Where the Crawdads Sing begins with a death: in 1969, a young man from town – popular, handsome – is found with a broken neck after a fall. The police (and the town) immediately suspects murder, specifically that the infamous Marsh Girl killed Chase.
“Sometimes she heard night-sounds she didn’t know or jumped from lightning too close, but whenever she stumbled, it was the land who caught her. Until at last, at some unclaimed moment, the heart-pain seeped away like water into sand. Still there, but deep. Kya laid her hand upon the breathing, wet earth, and the marsh became her mother.”
Here, the book takes us back in time (without any confusion, ahem, Jessica Knoll) to when the Marsh Girl was just Kya – a young girl living with a violent father, isolated from the world.
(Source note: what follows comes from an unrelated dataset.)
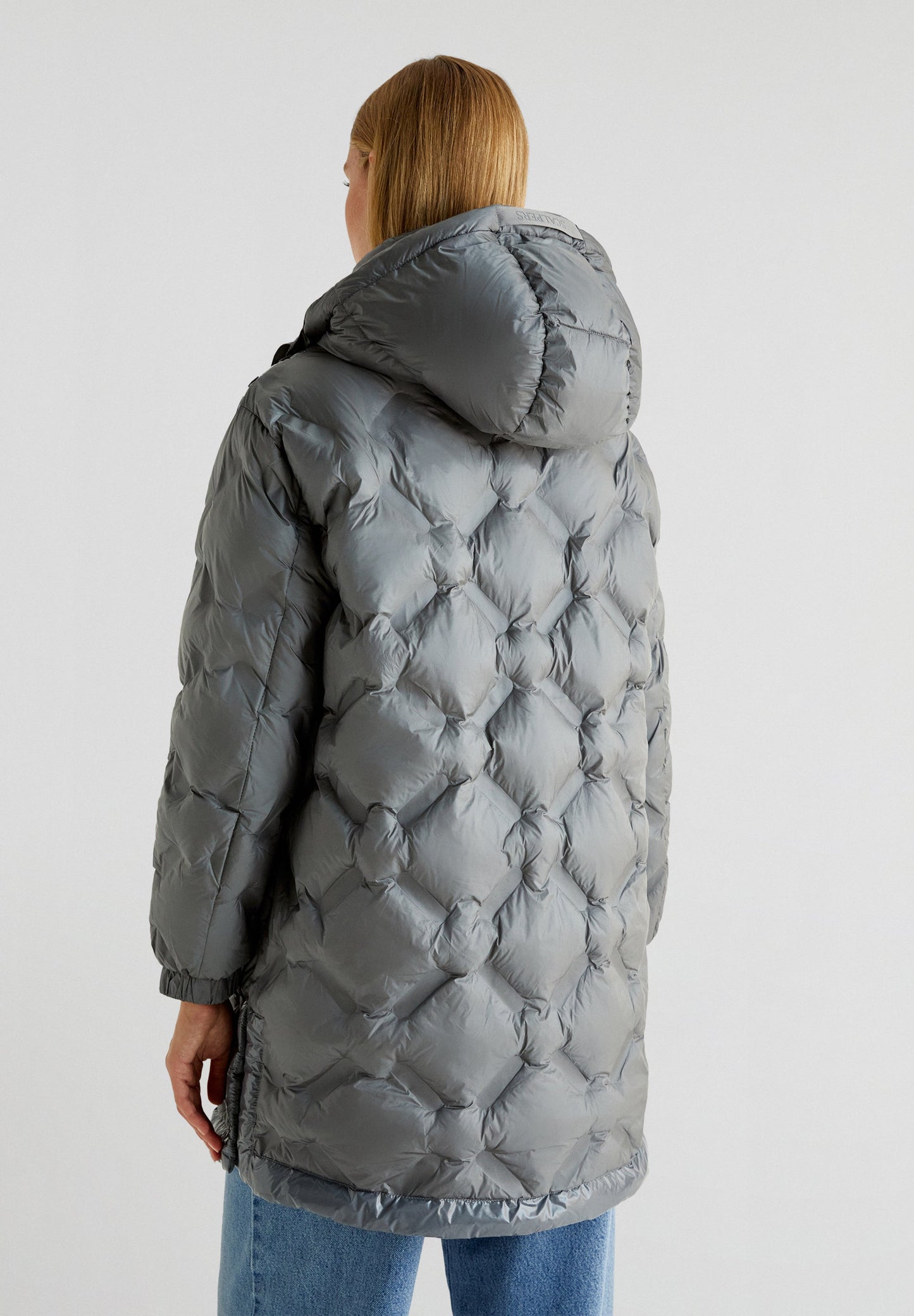 HOODIE PALO PUFFER COAT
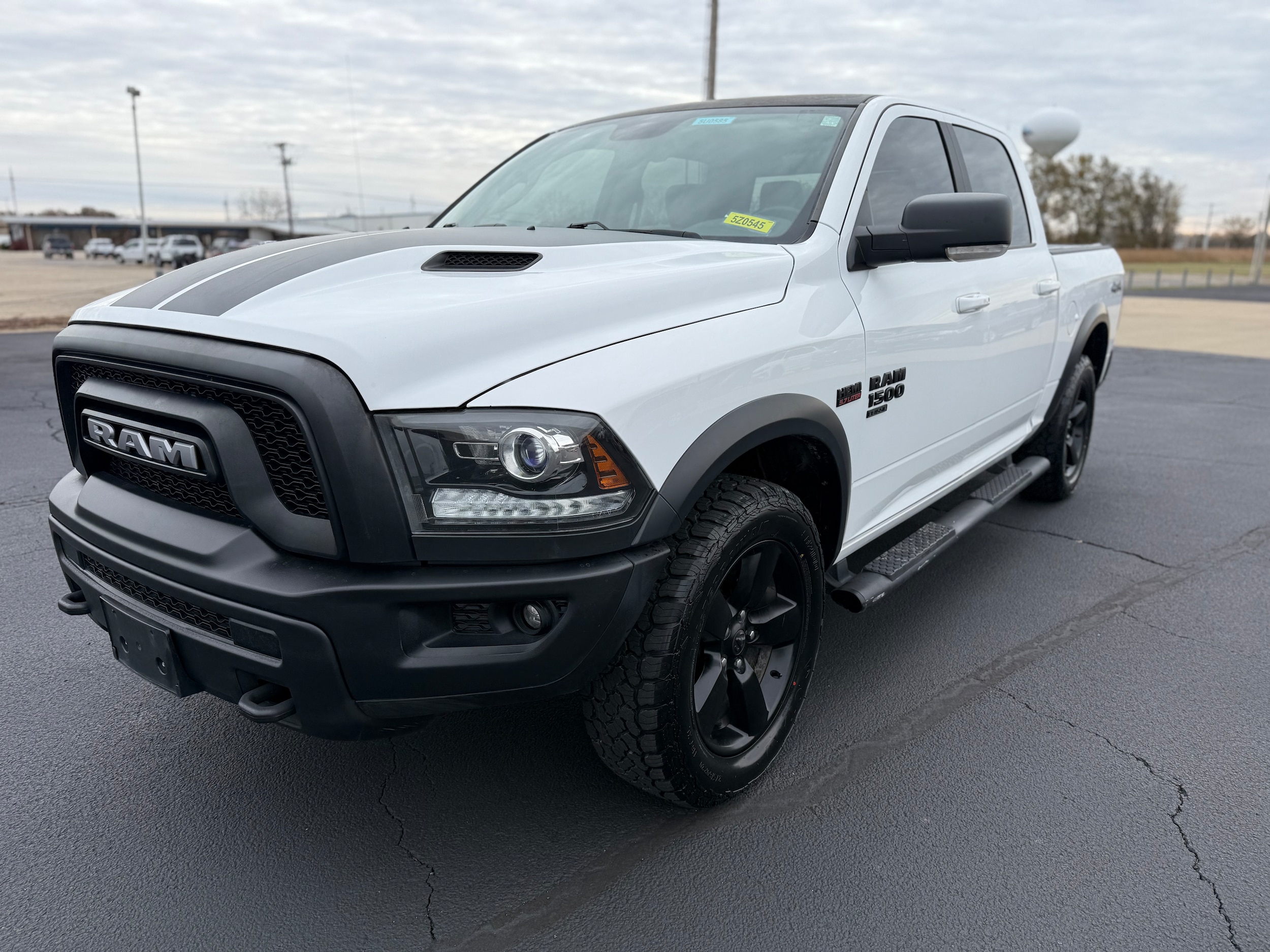 2019 RAM Ram 1500 Classic Warlock's photo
One by one the rest of her family leaves, until it is only Kya. She grows up wild but kind, living among the plants and the animals and the marsh. Visits from the outside – truant officers, social workers, cruel people from town – end badly every time. Eventually, she befriends a boy from town. With his help and encouragement, she begins massive collections of wildlife – shells and plants and skeletons – and catalogues it all. Thirsty for knowledge, she reads everything she can. And then Chase’s body is found.
“She knew the years of isolation had altered her behavior until she was different from others, but it wasn’t her fault she’d been alone. Most of what she knew, she’d learned from the wild. Nature had nurtured, tutored, and protected her when no one else would.”
It’s such a beautiful book. The descriptions of the marsh are rich and detailed. The murder mystery is interesting, but the true draw of the novel is Kya herself, living among the marsh and soaking in that world.